MusiqueLes albums sacrés
Crédit photo : www.ramones.com
Qu’on se le tienne pour dit: Joey, Johnny, Dee Dee et Tommy Ramone ont changé la façon de jouer du rock n’ roll en 1976. Ils sont fréquemment définis, et à juste titre, comme le groupe ayant façonné le son punk pour les décennies à venir. Bien entendu, la même année, des groupes anglais seront influencés par le côté «bombastique» de leur musique et prendront les armes pour déclarer la guerre à l’establishment britannique. Loin de sentir l’urgence de brandir le drapeau de la contestation sociale, les Ramones ne s’en tiennent qu’à une seule révolution, mais la plus importante qui soit: musicale.
Pour arriver à leurs fins, le quatuor prend bien soin de garder les éléments qu’ils trouvent le fun à travers la musique des générations précédentes. Vieux rock n’ roll par ci. Girl groups par là. Et même le surf pop des Beach Boys. Ajoutez à tout ça trois ou quatre accords joués à une vitesse démesurée (le groupe a même du ralentir son tempo habituel en studio) et vous avez la succulente recette des Ramones. On parle d’une simplicité volontairement calculée et peaufinée de brillante façon.
Le groupe frappe à la vitesse de l’éclair avec «Blitzkrieg Bop», première chanson et single absolument mémorable qui n’a rien perdu de son charme quarante ans plus tard. «The kids are losing their minds / The Blitzkrieg Bop», chante le défunt Joey Ramone, faisant référence à la façon de danser des jeunes allant aux spectacles des Ramones. «Beat On the Brat», à propos d’une mère qui veut frapper son garçon turbulent avec un bâton de baseball, s’enchaîne naturellement. Même chose pour «Judy Is A Punk». Les textes ridiculement courts sont d’une juvénilité totalement assumée, épousant à merveille la fondation pop bonbon de leur musique.
Et au fond, les Ramones sont des cœurs tendres. «I Wanna Be Your Boyfriend» est une irrésistible ballade sentimentale dont le thème est exactement ce qu’indique le titre. On est loin du nihilisme et de la désillusion de «I Wanna Be Your Dog» des Stooges, groupe ayant assurément influencé les Ramones. Tous les aspects sombres abordés par le quatuor sont traités de manière humoristique et caricaturale, même les références nazies (de nombreuses formations punks feront une fixation sur le troisième Reich). Seule la pièce «53rd & 3rd», écrite par Dee Dee, semble évoquée une situation plus sérieuse, soit le coin de rue où il se droguait et se prostituait plus jeune: «Then I took my razorblade / Then I did what God forbade / Now the cops are after me / But I proved that I’m no sissy».
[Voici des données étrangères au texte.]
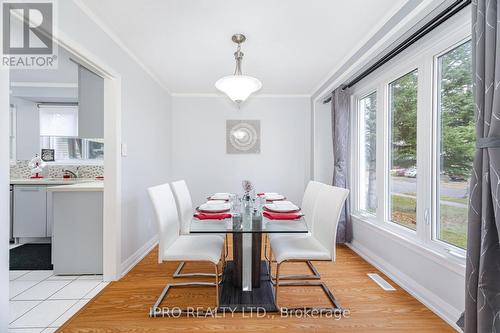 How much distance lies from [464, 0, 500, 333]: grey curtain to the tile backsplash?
4446 mm

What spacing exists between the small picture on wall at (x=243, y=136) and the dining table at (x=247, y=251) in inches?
85.1

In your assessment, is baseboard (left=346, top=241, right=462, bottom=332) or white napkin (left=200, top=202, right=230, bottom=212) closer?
baseboard (left=346, top=241, right=462, bottom=332)

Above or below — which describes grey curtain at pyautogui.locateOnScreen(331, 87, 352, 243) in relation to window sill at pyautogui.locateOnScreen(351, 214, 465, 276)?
above

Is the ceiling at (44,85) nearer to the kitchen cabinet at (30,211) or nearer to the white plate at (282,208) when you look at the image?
the kitchen cabinet at (30,211)

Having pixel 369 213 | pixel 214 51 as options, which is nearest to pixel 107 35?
pixel 214 51

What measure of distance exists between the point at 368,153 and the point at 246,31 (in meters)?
2.09

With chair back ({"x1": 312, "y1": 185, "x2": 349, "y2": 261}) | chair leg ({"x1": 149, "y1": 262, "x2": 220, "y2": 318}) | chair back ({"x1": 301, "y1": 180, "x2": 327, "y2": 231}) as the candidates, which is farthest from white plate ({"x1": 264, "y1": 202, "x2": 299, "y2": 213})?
chair leg ({"x1": 149, "y1": 262, "x2": 220, "y2": 318})

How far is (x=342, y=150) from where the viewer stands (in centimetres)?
326

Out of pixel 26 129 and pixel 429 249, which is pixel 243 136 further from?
pixel 26 129

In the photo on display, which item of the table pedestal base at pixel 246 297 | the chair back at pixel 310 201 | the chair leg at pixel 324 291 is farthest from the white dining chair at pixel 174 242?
the chair back at pixel 310 201

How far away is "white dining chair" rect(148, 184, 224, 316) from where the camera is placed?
6.07 ft

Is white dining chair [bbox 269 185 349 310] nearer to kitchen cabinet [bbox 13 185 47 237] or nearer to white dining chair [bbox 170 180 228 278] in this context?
white dining chair [bbox 170 180 228 278]

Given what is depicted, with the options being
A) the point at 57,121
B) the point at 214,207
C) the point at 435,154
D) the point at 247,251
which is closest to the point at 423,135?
the point at 435,154

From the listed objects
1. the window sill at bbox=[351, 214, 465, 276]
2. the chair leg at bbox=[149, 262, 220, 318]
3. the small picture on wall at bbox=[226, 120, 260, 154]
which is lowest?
the chair leg at bbox=[149, 262, 220, 318] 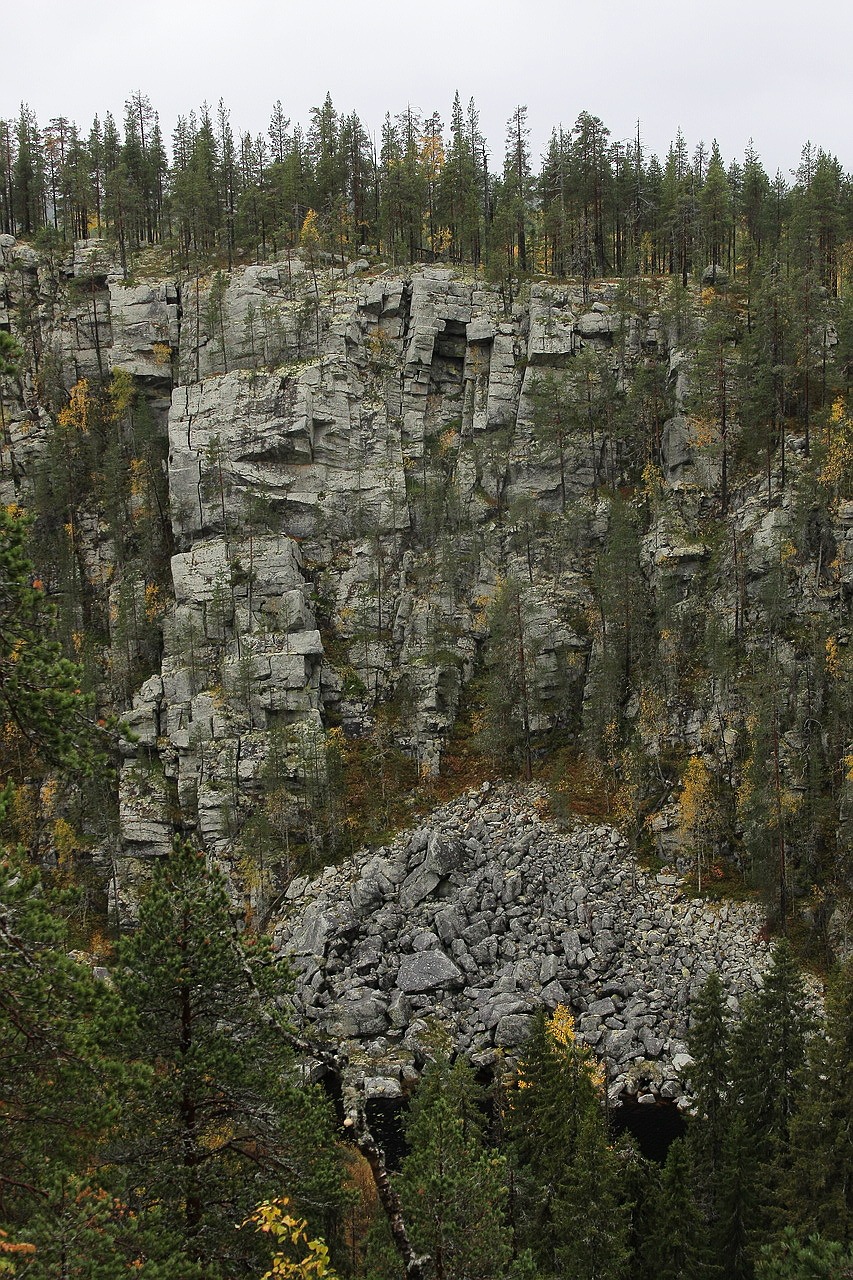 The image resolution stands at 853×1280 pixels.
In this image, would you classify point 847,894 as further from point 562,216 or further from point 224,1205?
point 562,216

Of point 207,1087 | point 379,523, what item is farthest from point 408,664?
point 207,1087

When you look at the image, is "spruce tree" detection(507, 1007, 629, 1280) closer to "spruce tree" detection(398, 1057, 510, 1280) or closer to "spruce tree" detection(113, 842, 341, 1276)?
"spruce tree" detection(398, 1057, 510, 1280)

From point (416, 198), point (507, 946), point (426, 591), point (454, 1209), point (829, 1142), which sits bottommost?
point (507, 946)

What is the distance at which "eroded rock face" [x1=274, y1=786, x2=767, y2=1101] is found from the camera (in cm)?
3741

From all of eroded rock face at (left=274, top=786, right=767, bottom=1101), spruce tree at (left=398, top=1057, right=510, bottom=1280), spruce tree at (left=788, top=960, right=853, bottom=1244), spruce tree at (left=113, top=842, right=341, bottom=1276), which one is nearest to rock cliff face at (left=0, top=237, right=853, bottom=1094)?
eroded rock face at (left=274, top=786, right=767, bottom=1101)

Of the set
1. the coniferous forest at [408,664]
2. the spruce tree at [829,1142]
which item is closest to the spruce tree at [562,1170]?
the coniferous forest at [408,664]

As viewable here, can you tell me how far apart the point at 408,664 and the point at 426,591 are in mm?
6742

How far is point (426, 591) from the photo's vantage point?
6506cm

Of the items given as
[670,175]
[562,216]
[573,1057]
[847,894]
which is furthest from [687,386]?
[573,1057]

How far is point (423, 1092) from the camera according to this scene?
28062 millimetres

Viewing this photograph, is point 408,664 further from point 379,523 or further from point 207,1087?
point 207,1087

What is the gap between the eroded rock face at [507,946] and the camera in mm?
37406

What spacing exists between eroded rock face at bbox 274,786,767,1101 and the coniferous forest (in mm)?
475

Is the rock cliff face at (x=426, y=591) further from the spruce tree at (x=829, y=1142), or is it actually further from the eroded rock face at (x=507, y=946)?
the spruce tree at (x=829, y=1142)
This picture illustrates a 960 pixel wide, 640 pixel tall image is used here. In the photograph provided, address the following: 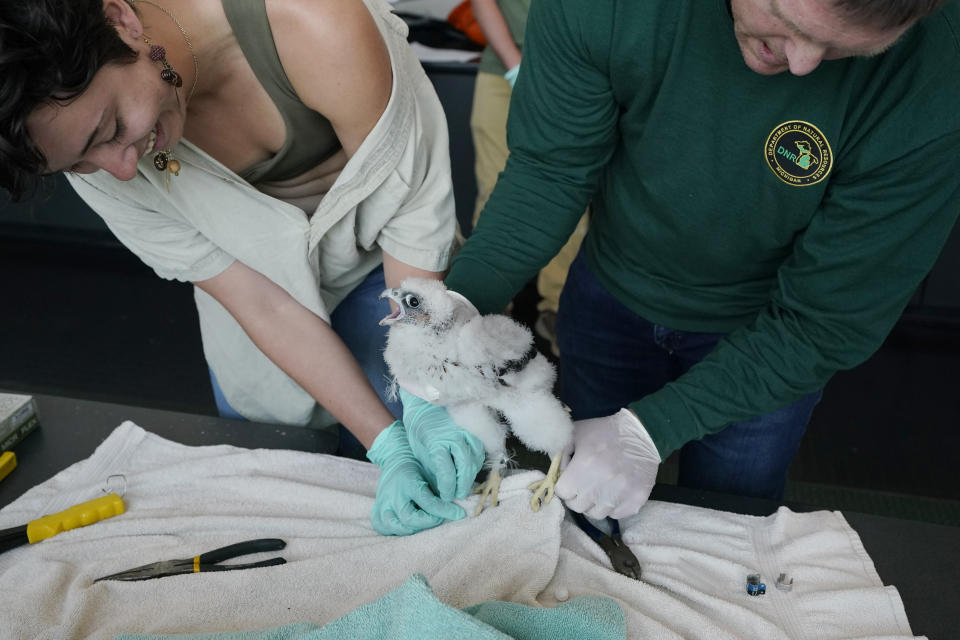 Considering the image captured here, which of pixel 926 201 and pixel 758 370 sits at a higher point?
pixel 926 201

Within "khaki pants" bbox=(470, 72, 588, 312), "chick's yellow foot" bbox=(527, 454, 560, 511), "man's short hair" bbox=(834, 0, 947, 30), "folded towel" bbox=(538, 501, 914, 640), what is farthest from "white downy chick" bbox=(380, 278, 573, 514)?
"khaki pants" bbox=(470, 72, 588, 312)

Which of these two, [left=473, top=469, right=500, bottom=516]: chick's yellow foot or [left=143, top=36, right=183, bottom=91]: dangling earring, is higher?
[left=143, top=36, right=183, bottom=91]: dangling earring

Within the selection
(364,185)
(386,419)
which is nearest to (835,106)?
(364,185)

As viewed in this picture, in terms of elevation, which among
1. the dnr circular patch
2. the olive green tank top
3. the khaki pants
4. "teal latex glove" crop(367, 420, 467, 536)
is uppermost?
the dnr circular patch

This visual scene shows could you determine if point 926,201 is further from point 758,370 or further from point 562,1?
point 562,1

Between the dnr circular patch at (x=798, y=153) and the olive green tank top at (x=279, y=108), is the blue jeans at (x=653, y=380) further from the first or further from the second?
the olive green tank top at (x=279, y=108)

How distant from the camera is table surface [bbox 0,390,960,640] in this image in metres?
1.00

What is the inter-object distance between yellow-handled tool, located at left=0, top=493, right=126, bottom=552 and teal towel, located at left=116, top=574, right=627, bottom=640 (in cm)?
33

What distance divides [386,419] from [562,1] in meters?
0.70

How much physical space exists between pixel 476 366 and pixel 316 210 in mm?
485

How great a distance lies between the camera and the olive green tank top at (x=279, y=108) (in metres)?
1.15

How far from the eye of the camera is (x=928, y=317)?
309cm

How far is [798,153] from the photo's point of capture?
3.49ft

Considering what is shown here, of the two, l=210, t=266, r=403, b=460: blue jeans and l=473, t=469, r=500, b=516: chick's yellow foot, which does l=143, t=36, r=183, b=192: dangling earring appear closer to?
l=210, t=266, r=403, b=460: blue jeans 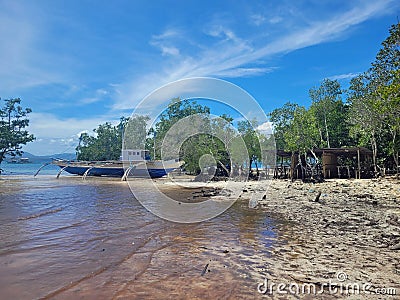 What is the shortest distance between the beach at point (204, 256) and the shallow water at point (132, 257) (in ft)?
0.06

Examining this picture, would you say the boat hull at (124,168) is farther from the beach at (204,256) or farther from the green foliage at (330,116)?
the beach at (204,256)

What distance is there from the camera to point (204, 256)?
622cm

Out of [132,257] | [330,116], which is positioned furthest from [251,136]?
[132,257]

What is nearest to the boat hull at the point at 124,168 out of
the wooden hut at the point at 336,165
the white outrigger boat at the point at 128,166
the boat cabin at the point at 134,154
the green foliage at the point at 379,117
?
the white outrigger boat at the point at 128,166

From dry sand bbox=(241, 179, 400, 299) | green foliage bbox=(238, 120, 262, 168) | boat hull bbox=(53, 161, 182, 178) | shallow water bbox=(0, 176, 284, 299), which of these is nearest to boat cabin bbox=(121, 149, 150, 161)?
boat hull bbox=(53, 161, 182, 178)

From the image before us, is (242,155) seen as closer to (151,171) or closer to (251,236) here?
(151,171)

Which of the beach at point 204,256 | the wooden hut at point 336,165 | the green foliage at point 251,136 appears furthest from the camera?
the green foliage at point 251,136

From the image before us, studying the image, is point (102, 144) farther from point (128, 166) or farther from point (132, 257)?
point (132, 257)

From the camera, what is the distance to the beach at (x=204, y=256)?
457cm

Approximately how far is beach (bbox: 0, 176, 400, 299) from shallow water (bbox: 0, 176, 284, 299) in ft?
0.06

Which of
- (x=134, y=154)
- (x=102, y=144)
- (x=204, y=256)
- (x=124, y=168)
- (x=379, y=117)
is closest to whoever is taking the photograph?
(x=204, y=256)

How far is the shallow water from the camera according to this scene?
4.64 m

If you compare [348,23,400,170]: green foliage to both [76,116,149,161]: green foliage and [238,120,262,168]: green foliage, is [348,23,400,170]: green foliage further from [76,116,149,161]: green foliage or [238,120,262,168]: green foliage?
[76,116,149,161]: green foliage

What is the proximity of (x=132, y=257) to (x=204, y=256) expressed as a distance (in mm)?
1606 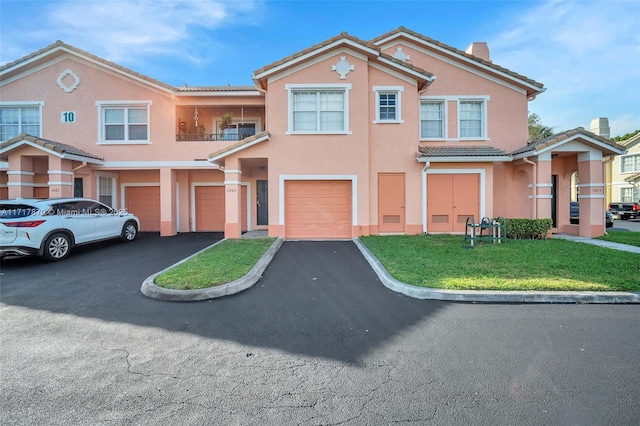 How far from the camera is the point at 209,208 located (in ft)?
54.5

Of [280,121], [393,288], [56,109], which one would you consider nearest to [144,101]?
[56,109]

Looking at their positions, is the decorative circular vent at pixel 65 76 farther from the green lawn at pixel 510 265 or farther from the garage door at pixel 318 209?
the green lawn at pixel 510 265

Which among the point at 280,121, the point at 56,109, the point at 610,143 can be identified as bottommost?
the point at 610,143

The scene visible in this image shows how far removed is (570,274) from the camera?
21.8 ft

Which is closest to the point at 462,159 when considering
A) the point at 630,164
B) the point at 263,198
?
the point at 263,198

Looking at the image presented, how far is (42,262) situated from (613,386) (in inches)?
470

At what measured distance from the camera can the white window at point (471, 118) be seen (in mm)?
14203

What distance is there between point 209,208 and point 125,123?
5.29 metres

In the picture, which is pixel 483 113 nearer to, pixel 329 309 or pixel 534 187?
pixel 534 187

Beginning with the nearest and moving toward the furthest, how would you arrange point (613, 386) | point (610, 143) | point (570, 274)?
point (613, 386), point (570, 274), point (610, 143)

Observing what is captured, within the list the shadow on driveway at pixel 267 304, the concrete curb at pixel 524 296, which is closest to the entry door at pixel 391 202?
the shadow on driveway at pixel 267 304

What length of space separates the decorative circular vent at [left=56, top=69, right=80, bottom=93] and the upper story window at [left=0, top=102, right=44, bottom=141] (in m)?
1.19

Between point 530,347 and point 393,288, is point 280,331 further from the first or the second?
point 530,347

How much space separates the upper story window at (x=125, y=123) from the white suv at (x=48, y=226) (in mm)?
4744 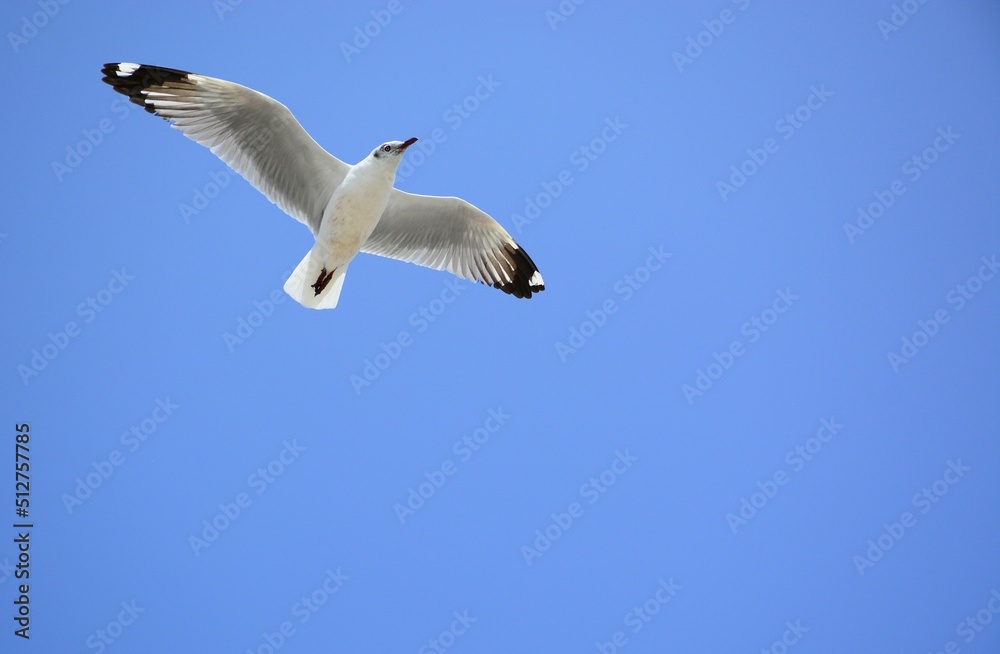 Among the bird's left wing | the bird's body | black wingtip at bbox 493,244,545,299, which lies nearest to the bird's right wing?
the bird's body

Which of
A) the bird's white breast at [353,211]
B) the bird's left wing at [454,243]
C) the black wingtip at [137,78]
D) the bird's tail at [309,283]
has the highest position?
the bird's left wing at [454,243]

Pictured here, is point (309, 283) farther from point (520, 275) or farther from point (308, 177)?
point (520, 275)

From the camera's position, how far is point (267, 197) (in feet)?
22.9

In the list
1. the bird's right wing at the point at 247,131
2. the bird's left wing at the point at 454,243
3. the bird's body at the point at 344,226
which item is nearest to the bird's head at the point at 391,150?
the bird's body at the point at 344,226

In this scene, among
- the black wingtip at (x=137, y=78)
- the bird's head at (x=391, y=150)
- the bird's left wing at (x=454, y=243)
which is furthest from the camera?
the bird's left wing at (x=454, y=243)

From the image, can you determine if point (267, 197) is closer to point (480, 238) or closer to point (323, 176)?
point (323, 176)

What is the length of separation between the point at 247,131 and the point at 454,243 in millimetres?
1641

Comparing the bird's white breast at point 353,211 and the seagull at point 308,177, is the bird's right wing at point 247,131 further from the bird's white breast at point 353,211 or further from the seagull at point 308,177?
the bird's white breast at point 353,211

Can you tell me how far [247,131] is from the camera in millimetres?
6699

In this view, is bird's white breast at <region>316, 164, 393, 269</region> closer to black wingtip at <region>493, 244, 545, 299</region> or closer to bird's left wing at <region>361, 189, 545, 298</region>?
bird's left wing at <region>361, 189, 545, 298</region>

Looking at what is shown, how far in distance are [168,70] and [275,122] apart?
72 centimetres

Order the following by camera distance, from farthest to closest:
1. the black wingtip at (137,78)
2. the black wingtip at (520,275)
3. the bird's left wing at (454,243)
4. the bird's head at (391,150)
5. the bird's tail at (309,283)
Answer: the black wingtip at (520,275), the bird's left wing at (454,243), the bird's tail at (309,283), the bird's head at (391,150), the black wingtip at (137,78)

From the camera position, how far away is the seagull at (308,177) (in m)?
6.52

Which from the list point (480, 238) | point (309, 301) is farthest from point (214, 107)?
point (480, 238) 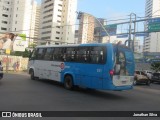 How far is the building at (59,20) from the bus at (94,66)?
99.1 metres

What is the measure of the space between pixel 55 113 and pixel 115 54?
5.93 metres

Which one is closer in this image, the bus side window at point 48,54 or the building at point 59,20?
the bus side window at point 48,54

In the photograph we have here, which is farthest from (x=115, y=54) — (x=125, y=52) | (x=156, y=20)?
(x=156, y=20)

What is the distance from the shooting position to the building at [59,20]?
118062 millimetres

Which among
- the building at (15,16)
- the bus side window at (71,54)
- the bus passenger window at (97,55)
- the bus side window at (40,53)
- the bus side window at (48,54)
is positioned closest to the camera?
the bus passenger window at (97,55)

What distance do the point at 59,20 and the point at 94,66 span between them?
363 feet

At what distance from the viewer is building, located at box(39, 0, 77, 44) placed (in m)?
118

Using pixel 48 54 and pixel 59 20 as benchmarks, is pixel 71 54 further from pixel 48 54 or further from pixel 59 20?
pixel 59 20

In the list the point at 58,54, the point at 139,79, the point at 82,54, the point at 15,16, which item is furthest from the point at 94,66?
the point at 15,16

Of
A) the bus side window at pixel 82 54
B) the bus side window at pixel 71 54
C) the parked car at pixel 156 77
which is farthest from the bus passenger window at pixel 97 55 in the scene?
the parked car at pixel 156 77

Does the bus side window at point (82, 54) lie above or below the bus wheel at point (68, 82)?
above

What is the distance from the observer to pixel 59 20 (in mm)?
124000

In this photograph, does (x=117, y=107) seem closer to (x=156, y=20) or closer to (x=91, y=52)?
(x=91, y=52)

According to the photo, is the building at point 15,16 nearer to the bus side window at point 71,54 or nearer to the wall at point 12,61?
the wall at point 12,61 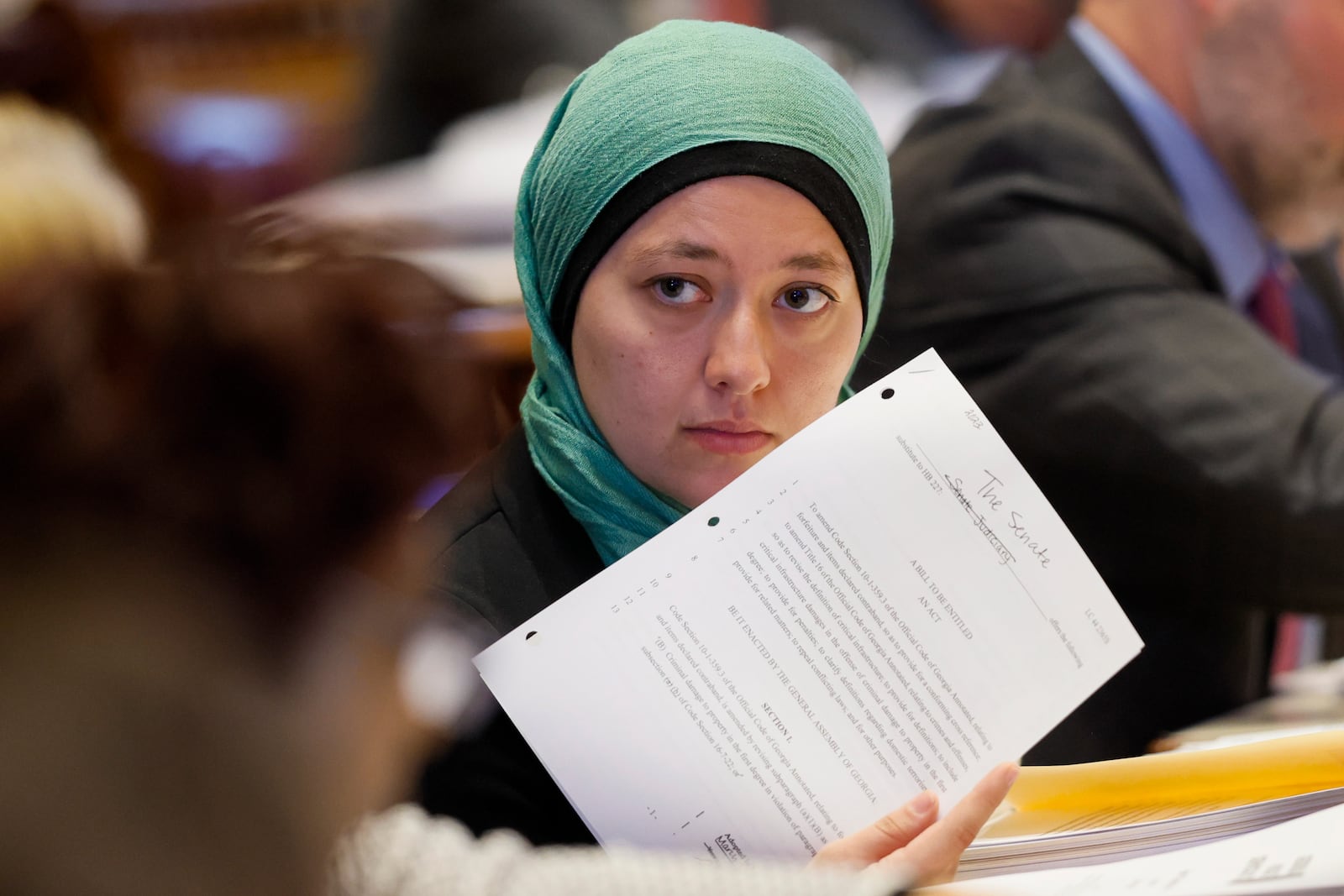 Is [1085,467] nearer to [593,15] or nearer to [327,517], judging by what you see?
[327,517]

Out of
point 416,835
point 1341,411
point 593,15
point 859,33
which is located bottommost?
point 1341,411

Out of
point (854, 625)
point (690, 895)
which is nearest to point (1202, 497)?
point (854, 625)

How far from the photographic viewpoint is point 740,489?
2.85ft

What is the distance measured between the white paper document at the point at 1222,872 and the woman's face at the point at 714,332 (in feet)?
1.10

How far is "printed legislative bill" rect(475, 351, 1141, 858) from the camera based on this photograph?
85 cm

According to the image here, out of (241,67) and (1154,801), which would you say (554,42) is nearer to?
(241,67)

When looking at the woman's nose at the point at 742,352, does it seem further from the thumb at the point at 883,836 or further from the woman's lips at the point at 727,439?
the thumb at the point at 883,836

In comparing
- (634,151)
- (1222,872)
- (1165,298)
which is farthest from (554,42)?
(1222,872)

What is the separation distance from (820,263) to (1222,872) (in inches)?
18.6

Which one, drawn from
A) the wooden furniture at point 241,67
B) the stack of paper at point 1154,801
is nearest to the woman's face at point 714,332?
the stack of paper at point 1154,801

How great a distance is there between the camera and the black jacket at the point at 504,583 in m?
0.84

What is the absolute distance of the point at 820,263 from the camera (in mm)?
903

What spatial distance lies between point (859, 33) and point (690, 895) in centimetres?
175

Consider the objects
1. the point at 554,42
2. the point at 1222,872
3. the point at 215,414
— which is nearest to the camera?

Les Ramones n’ont pas besoin d’étirer la sauce, l’album contenant 14 chansons pour à peine 29 minutes. Leur souci d’économie sera encore plus légendaire en spectacle, alors que le groupe enchaîne les morceaux sans crier gare, avec un simple «1-2-3-4!» séparant les chansons. Est-ce que le punk débute avec eux? Question impossible à répondre et un peu futile. Il faut savoir que Legs McNeill et John Holmstrom ont déjà immortalisé le terme «punk» en 1975 dans un magazine musical s’intéressant à la scène marginale New Yorkaise, de Lou Reed aux New York Dolls. Par contre, les Ramones représentent probablement l’esprit du do-it-yourself mieux que n’importe quel autre groupe punk.
Le groupe fera une tournée en Angleterre quelques mois seulement après la sortie de leur premier album. Ils épateront un peu tout le monde, incluant les Sex Pistols et les Clash, et influenceront sans doute de nombreux groupes du Royaume-Uni, où le punk deviendra très rapidement un phénomène national. Les Ramones continueront de sortir des albums à un rythme aussi effréné que leur musique, contribuant par le fait même à modifier le paysage culturel général des quarante dernières années. Incroyable comment 29 petites minutes peuvent changer le cours de l’histoire. Et pour le meilleur.